Monocular Depth Estimation via Listwise Ranking using the Plackett-Luce Model

In many real-world applications, the relative depth of objects in an image is crucial for scene understanding. Recent approaches mainly tackle the problem of depth prediction in monocular images by treating the problem as a regression task. Yet, being interested in an order relation in the first place, ranking methods suggest themselves as a natural alternative to regression, and indeed, ranking approaches leveraging pairwise comparisons as training information ("object A is closer to the camera than B") have shown promising performance on this problem. In this paper, we elaborate on the use of so-called listwise ranking as a generalization of the pairwise approach. Our method is based on the Plackett-Luce (PL) model, a probability distribution on rankings, which we combine with a state-of-the-art neural network architecture and a simple sampling strategy to reduce training complexity. Moreover, taking advantage of the representation of PL as a random utility model, the proposed predictor offers a natural way to recover (shift-invariant) metric depth information from ranking-only data provided at training time. An empirical evaluation on several benchmark datasets in a "zero-shot" setting demonstrates the effectiveness of our approach compared to existing ranking and regression methods.

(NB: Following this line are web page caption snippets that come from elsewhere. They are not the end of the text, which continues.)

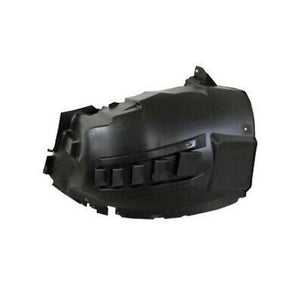 Passenger Side Fender Liner image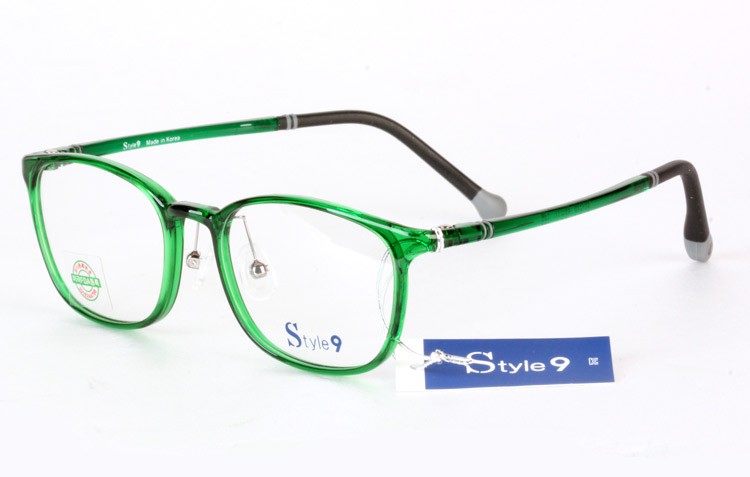 59db4d52d2f88683facc2bc5e4e87c55_1642986611_7348.jpg 59db4d52d2f88683facc2bc5e4e87c55_1642986611_7348.jpg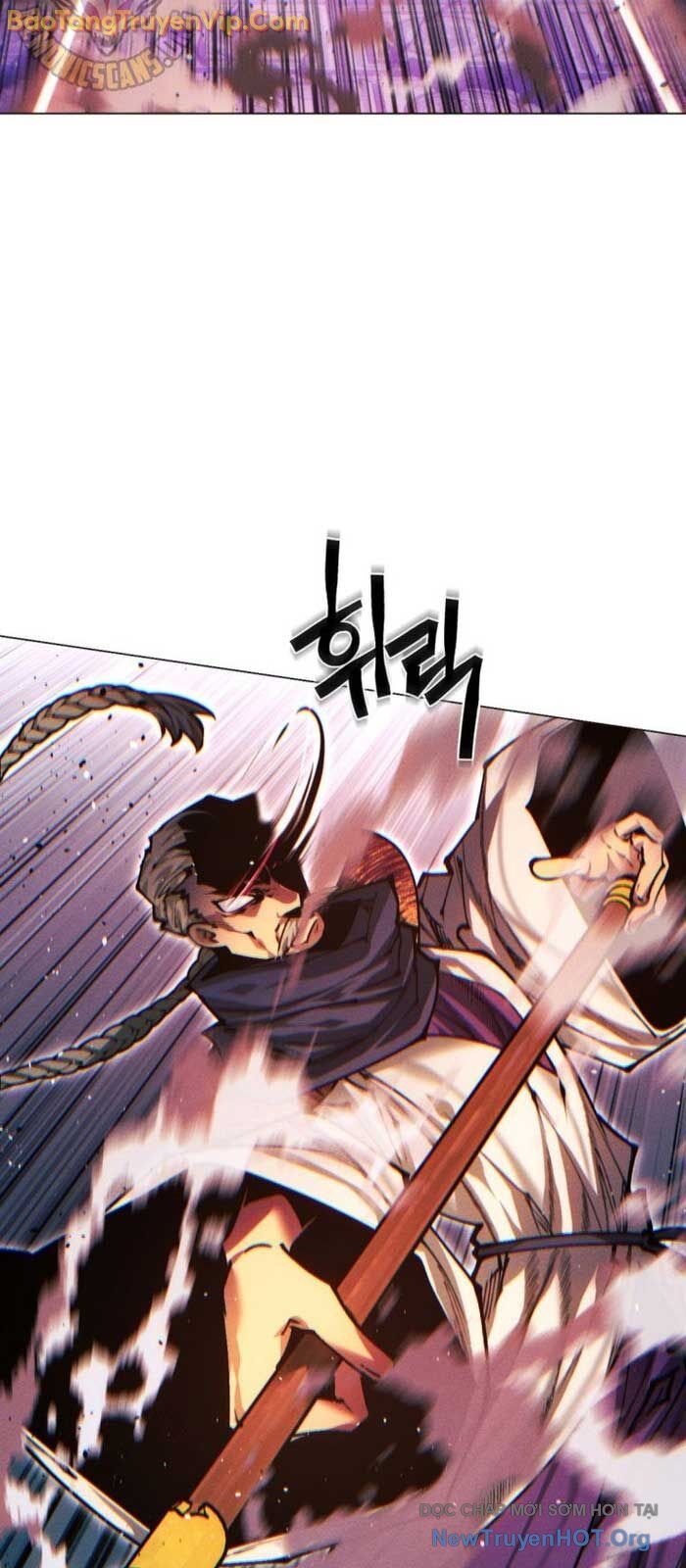 Chapter 163 - Image 106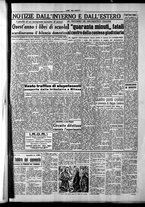 giornale/CFI0418560/1951/Ottobre/112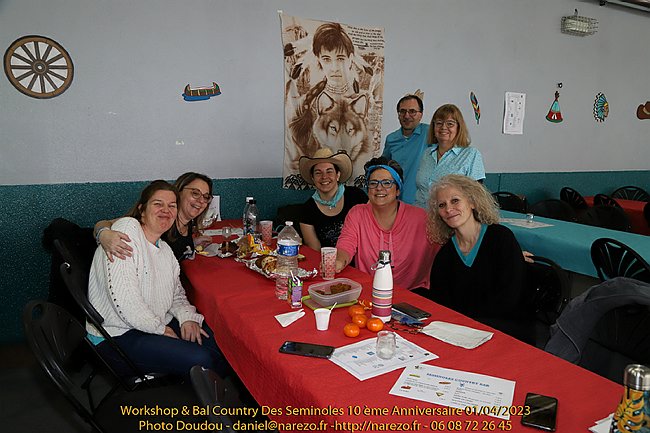 DN-LS-01.04.2023-078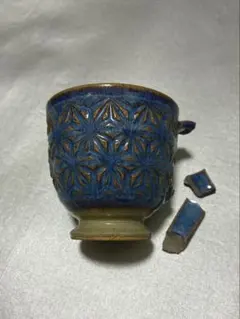 Item thumbnail for item df6a2307-40b1-42ac-bd21-64a2a3ae43a4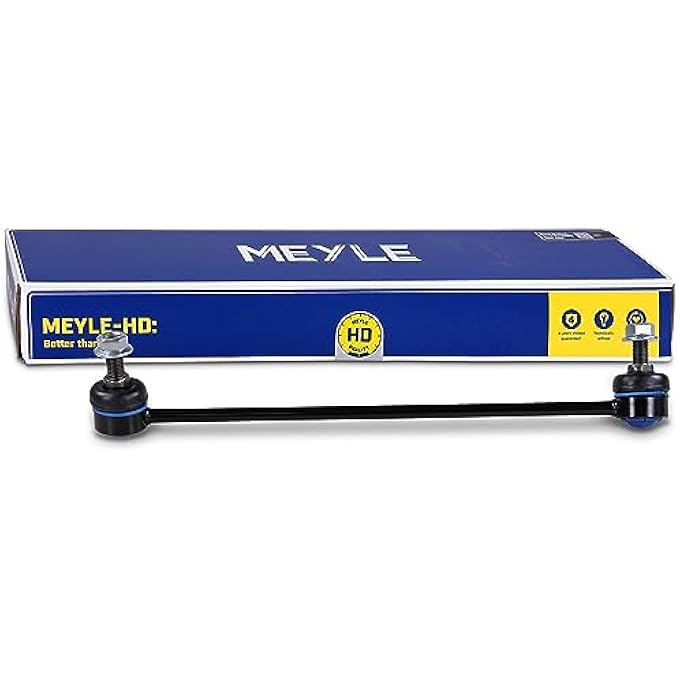 MEYLE RodStrut Stabiliser 3160600006Hd - Image 1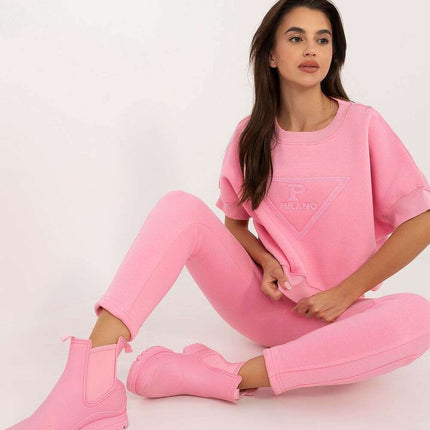Set model 202082 - Très Elite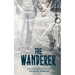 The Wanderer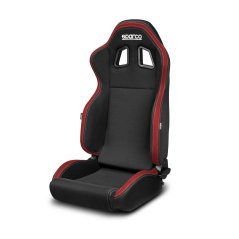 Sparco Sedačka R100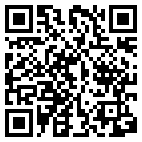 QR Code for 3L System Group in Dayton, OH 45459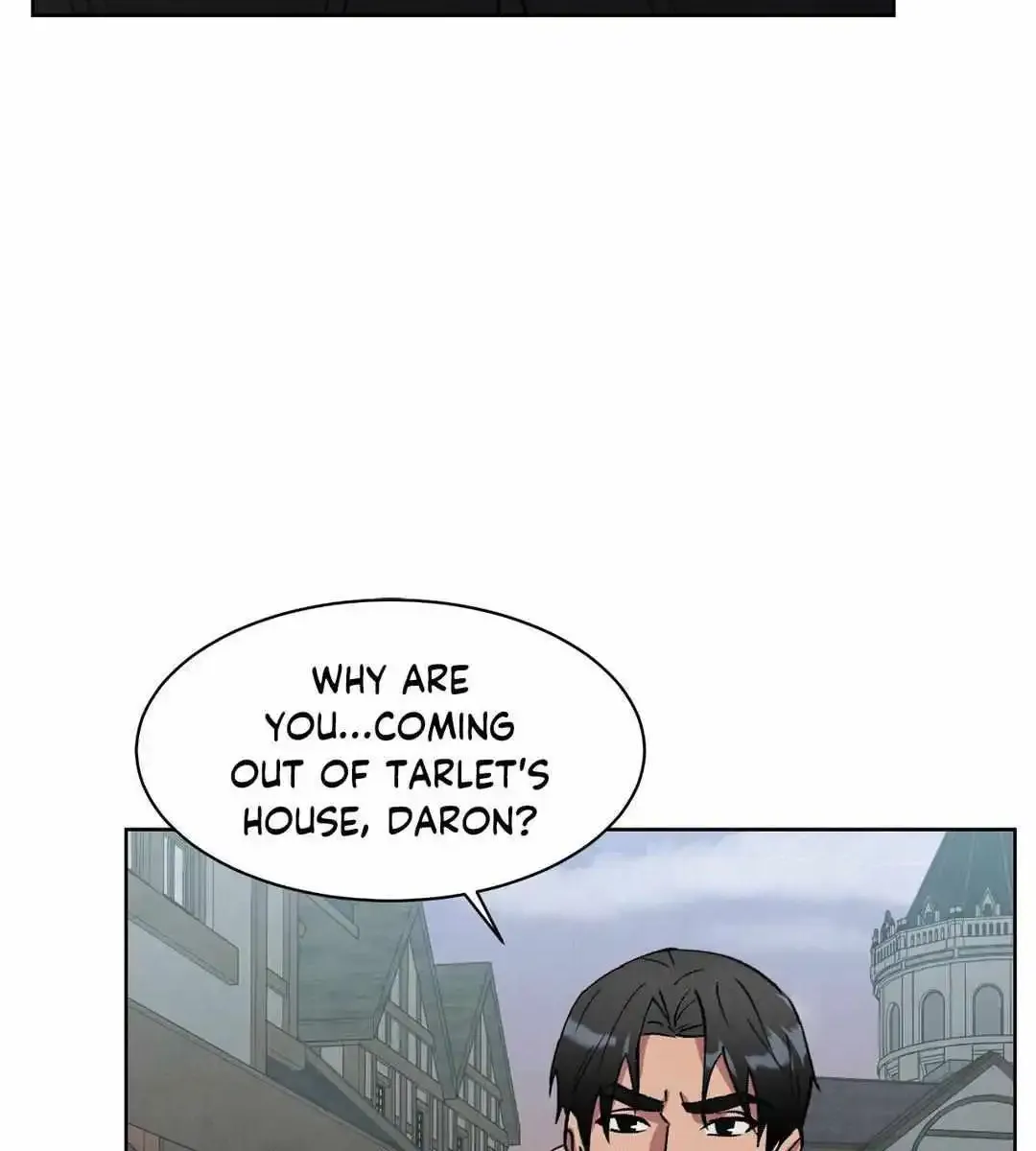 The Northern Grand Duke's Secret Contract Official Zinmanga X Chapter 36 Page 64
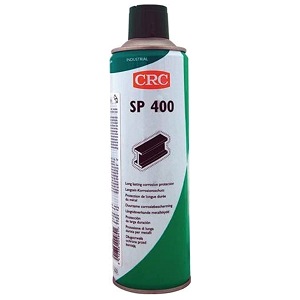 32350-AA SP 400 500ML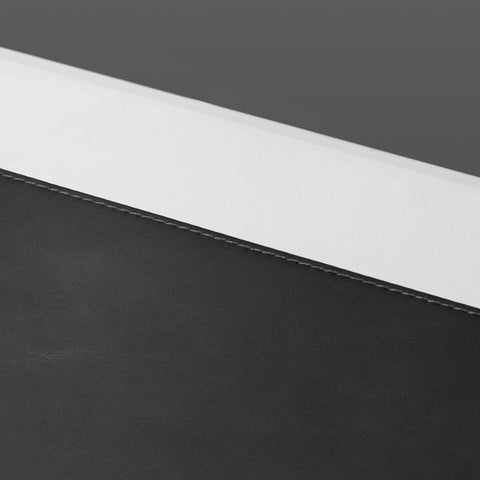 Mousepad | LD301
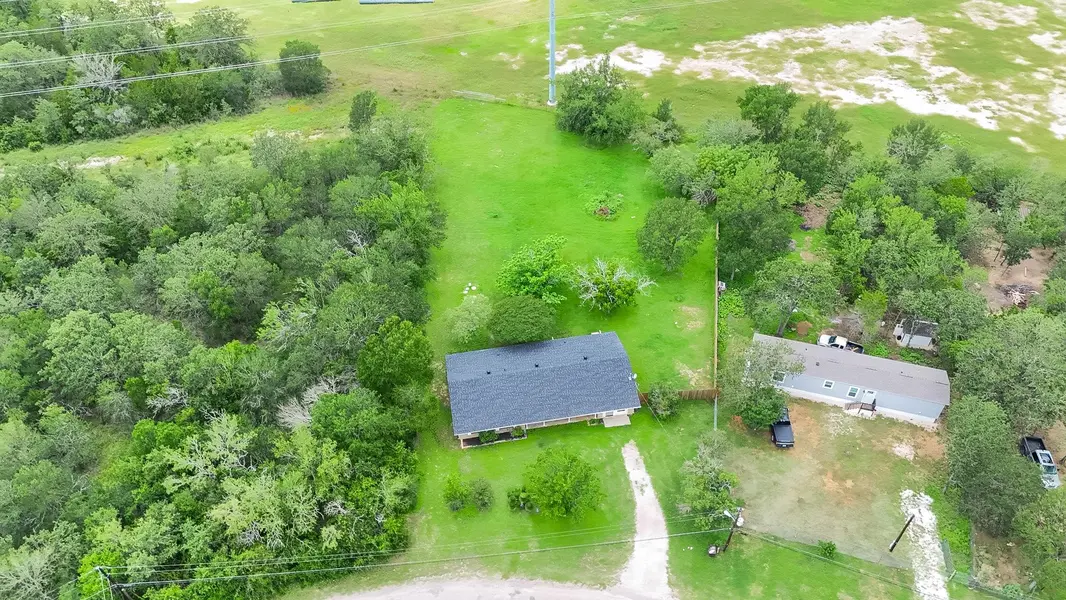 Address Not Disclosed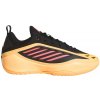 adidas | Believe That 1 | žltá| 44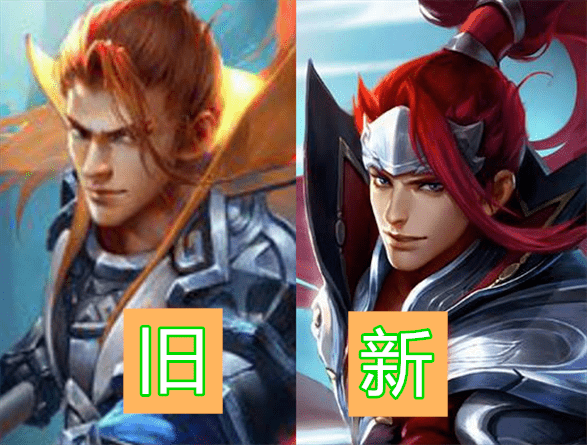 580c1555afca4757b2e313563fed59eb.png
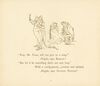 Thumbnail 0016 of Frog he would a-wooing go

翻译：在许多现实应用中,图像中物体的相对深度对于实地理解至关重要。最近的方法主要通过将问题作为回归任务来处理单视图像的深度预测问题。然而,由于首先对顺序关系感兴趣,排名方法表明自己是回归的自然替代物,而且事实上,排序方法利用对等比较作为培训信息(“目标A比相机更接近于B”),显示了在这一问题上的有希望的表现。在本文中,我们详细阐述了使用所谓的列表排序作为对等方法的概括化。我们的方法基于Plackett-Luce(PL)模型,即排名概率分布,我们结合了最新神经网络结构和简单的抽样战略来降低培训复杂性。此外,利用PL作为随机工具模型的表述,拟议的预测器为从培训时提供的排名数据中恢复(易变)基准深度信息提供了一种自然的方法。在“零位”设置中,对若干基准数据集进行了实证评估,展示了我们方法相对于现有排序和回归方法的有效性。